ASSIGNMENT: Please work out how many lines include the word "Inch" in the entries, and reply with only the count.

Short descriptive text snippets:
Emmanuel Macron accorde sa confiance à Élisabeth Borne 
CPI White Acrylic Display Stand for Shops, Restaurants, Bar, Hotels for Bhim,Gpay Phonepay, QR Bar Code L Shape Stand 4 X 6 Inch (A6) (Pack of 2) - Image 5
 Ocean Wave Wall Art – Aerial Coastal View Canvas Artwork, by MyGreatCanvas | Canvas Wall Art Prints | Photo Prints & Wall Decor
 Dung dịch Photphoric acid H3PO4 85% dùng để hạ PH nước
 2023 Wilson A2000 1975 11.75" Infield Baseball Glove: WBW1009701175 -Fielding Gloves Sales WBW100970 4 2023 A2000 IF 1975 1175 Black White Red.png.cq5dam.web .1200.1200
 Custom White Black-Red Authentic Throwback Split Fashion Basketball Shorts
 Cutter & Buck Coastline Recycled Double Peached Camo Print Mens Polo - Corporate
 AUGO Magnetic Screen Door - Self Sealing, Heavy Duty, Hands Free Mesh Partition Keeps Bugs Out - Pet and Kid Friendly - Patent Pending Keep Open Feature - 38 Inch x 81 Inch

EXERCISE RESPONSE: 2